* _Task_
Given these entries, repeat exactly the lines starting with the one that has "DUMBORC ชุด X4" and going on through the one that has "Aman Rajpoot - Full Stack Developer", both included, but none of the pictures.

* _Given records_
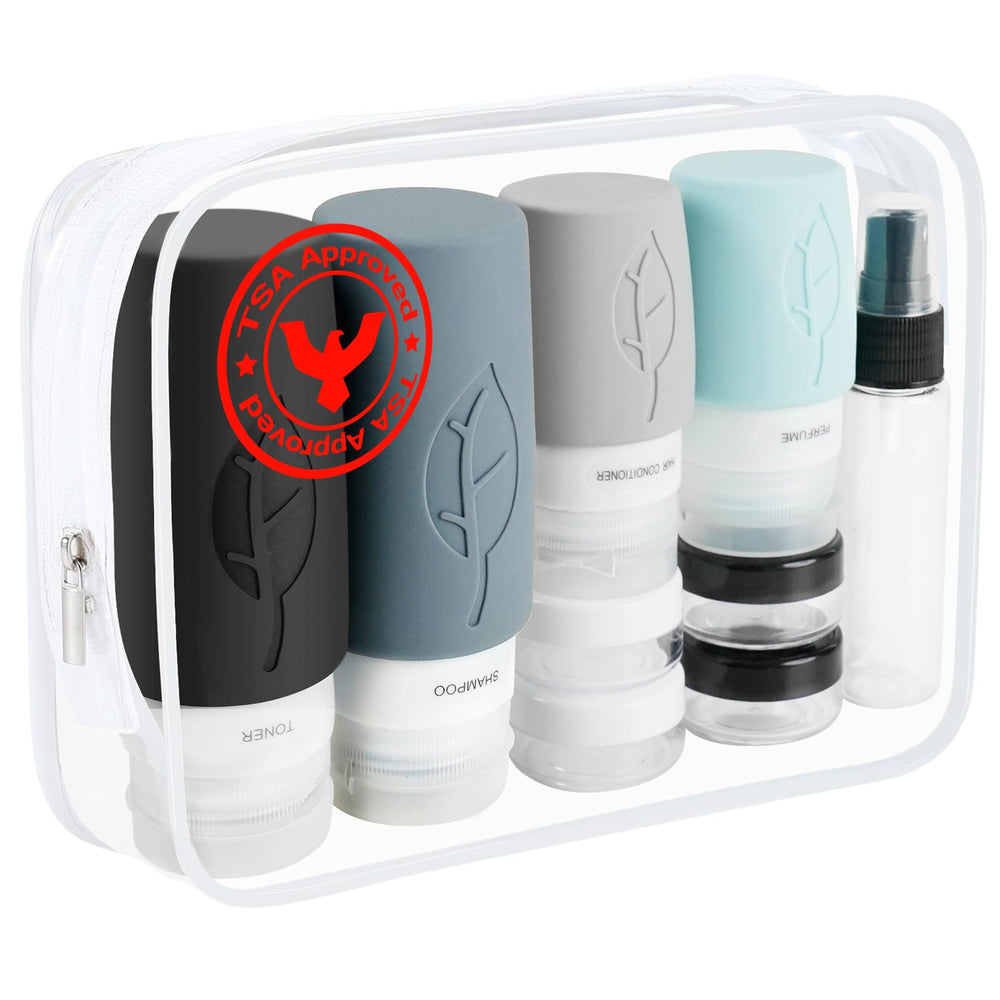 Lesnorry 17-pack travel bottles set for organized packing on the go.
==
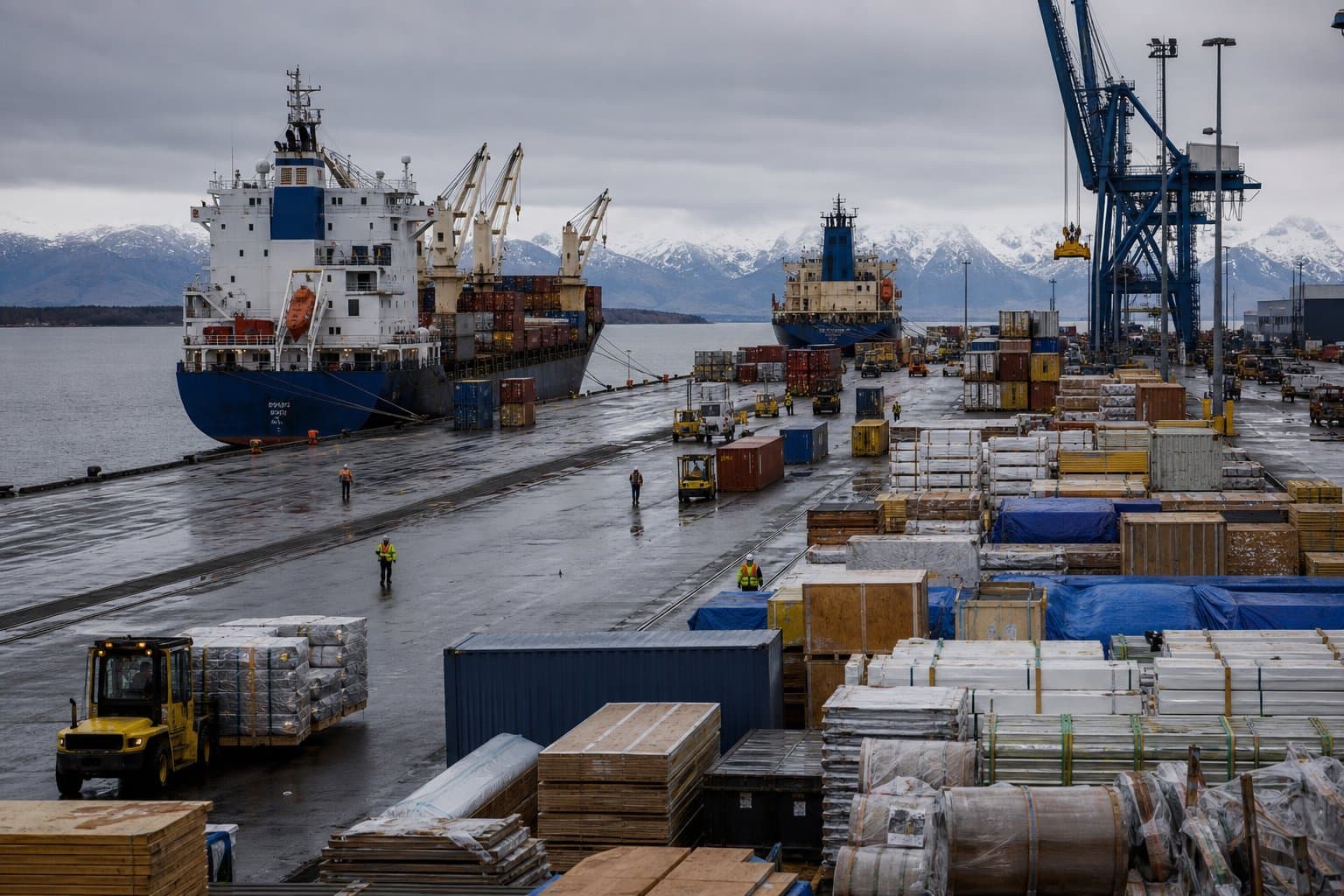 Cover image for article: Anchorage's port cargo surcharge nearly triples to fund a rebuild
==
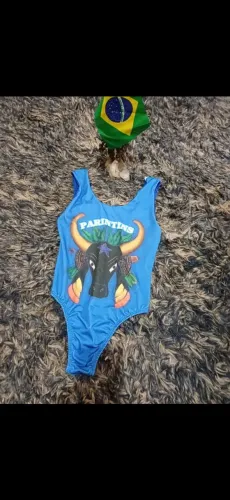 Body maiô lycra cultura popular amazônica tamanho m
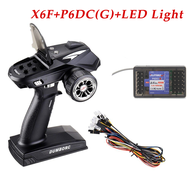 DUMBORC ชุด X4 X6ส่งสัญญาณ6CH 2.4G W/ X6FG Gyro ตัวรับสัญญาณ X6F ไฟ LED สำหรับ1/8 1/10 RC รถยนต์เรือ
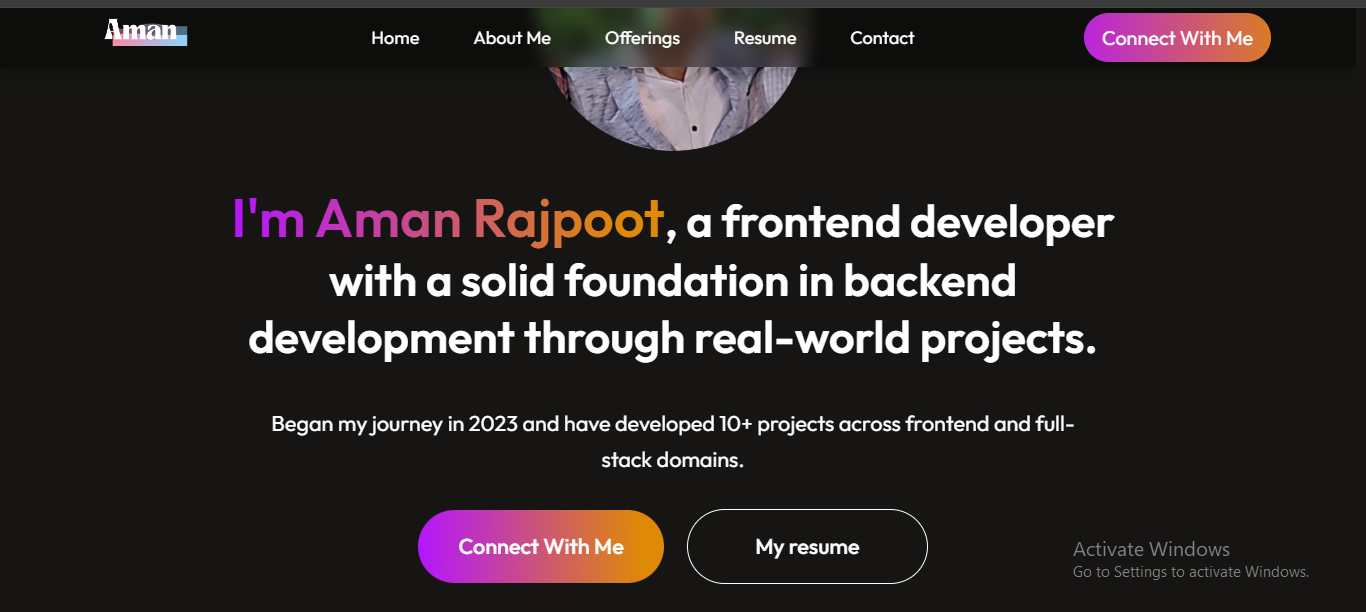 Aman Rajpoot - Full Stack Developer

* _Answer section_
 DUMBORC ชุด X4 X6ส่งสัญญาณ6CH 2.4G W/ X6FG Gyro ตัวรับสัญญาณ X6F ไฟ LED สำหรับ1/8 1/10 RC รถยนต์เรือ
 Aman Rajpoot - Full Stack Developer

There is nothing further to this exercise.